The pattern is definitely developing.

They continue, stating, “The fact is that in 1992 -- and still today -- we have no idea what GHG concentrations would lead to “dangerous anthropogenic interference with the climate system.”” (Emphasis original.) Once again, this statement is, at the least, misleading. Even ExxonMobil admits it has known for decades manmade emissions were causing climate change. Esso (the ExxonMobil predecessor) scientist James Black published a paper, along with the Union of Concerned Scientists, that stated manmade emissions were causing climate change. In 1977, Dr. Black warned company executives of the danger of atmospheric carbon dioxide increases from the burning of fossil fuels and that these emissions were most likely changing the climate. So, Ball and Harris are misleading with their statement. We did, in fact, know in 1992 (and much earlier) that greenhouse gas emission would lead to dangerous climate change. I suppose they could quibble over the meaning of ‘dangerous’ and argue they weren’t being deceptive. Of course, any such argument would be deceptive by itself.

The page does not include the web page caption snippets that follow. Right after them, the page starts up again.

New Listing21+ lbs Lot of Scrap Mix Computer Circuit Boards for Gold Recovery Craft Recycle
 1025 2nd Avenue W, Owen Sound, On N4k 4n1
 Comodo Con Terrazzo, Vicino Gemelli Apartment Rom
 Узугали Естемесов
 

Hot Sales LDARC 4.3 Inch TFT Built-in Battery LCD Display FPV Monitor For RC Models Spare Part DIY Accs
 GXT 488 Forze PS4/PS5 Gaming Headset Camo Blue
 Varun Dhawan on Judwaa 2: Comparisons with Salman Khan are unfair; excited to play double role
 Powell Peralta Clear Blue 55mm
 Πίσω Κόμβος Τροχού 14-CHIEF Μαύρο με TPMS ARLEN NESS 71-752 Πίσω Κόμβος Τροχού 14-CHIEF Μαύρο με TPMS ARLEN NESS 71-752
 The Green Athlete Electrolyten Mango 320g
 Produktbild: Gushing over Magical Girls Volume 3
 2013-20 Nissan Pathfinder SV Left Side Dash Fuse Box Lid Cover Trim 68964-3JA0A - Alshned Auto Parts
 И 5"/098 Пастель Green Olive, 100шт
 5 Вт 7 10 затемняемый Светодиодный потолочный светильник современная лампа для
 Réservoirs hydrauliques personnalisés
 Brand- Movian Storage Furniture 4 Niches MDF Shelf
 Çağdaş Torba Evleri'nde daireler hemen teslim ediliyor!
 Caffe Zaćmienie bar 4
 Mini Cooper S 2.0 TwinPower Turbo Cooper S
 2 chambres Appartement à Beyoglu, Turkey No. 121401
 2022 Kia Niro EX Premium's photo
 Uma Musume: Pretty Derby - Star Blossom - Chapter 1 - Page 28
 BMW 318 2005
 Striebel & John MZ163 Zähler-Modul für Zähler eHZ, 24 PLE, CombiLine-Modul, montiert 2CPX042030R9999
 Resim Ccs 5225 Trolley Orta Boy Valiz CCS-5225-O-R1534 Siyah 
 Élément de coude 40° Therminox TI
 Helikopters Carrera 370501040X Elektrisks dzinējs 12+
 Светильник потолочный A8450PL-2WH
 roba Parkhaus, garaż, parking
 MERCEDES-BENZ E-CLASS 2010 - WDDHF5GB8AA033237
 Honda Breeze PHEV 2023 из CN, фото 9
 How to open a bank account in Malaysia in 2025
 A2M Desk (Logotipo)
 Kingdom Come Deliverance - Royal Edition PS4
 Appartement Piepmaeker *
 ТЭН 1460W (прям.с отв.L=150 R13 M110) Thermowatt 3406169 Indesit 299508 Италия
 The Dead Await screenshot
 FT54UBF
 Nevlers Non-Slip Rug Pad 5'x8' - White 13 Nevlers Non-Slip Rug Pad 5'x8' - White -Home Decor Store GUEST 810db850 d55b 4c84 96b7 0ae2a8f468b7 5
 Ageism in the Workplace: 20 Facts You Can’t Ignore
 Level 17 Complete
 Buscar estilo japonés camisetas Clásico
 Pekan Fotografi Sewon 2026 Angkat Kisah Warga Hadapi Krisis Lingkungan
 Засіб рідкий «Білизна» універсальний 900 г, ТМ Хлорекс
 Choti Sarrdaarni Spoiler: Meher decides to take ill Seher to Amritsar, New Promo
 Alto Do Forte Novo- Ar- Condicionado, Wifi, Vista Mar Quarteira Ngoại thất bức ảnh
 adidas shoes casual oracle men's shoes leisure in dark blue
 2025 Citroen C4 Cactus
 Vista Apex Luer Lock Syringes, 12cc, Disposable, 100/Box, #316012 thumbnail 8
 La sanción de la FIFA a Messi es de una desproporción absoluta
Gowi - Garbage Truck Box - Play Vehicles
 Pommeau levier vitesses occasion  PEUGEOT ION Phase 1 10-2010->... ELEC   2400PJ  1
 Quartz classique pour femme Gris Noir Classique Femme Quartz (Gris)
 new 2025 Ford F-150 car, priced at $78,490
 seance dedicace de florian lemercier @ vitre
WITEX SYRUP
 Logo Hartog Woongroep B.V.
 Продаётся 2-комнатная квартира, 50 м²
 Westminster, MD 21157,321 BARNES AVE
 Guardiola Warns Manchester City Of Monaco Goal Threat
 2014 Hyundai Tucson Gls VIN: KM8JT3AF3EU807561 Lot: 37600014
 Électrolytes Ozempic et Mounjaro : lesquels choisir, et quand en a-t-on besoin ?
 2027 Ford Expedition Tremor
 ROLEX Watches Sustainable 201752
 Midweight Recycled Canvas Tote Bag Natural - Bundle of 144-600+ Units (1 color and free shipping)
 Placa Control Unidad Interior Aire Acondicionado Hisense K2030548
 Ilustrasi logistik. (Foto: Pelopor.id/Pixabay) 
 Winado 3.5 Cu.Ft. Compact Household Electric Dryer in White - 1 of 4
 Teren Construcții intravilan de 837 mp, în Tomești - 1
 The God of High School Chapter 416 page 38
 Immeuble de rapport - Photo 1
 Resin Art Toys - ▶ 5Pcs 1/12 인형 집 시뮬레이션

Let’s look at another statement. Referring to the IPCC statement that the report examines both natural and manmade causes of climate change, the pair state, “Following the UNFCCC lead, the IPCC reports exclude most natural variables and mechanisms. This is politically necessary so as to support the predetermined conclusion that human sources of carbon dioxide are causing dangerous climate change. This occurred even though carbon dioxide, from natural and anthropogenic sources combined, constitutes only 4% of atmospheric greenhouse gases.”

No, they are not telling the truth. Natural causes are examined in all scientific research. The problem is that, outside of a tremendous event (such as a meteorite impact or massive volcanic eruption) there are no natural causes that can change the climate as much and as quickly has been observed. All causes have been examined; it’s just that natural causes are not capable of producing what has been observed. Once again, they are misleading the reader.

Ultimately, it is highly appropriate they closed with the quote from Voltaire about defining your terms because that is how they take advantage of the reading public – they change the meaning of the terms and hope you won’t bother to check on them.